INSTRUCTIONS FOR THE TASK: Determine how many lines in the data below contain "when" and write only that number.

AVAILABLE DATA:
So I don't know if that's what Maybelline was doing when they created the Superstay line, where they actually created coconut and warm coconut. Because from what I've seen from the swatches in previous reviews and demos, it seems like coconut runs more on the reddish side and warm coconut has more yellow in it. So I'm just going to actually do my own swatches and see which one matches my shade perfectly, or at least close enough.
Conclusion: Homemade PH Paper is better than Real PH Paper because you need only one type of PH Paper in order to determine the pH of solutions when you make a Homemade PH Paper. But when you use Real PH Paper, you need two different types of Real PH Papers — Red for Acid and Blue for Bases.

--

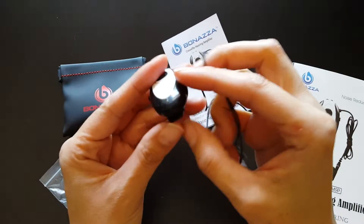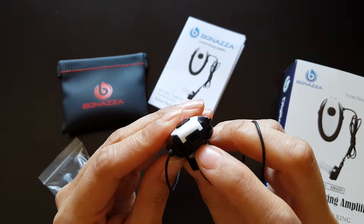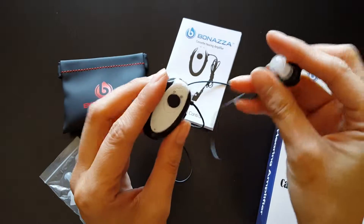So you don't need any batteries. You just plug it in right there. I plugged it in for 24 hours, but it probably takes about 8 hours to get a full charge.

SOLUTION TO THIS PROBLEM: 2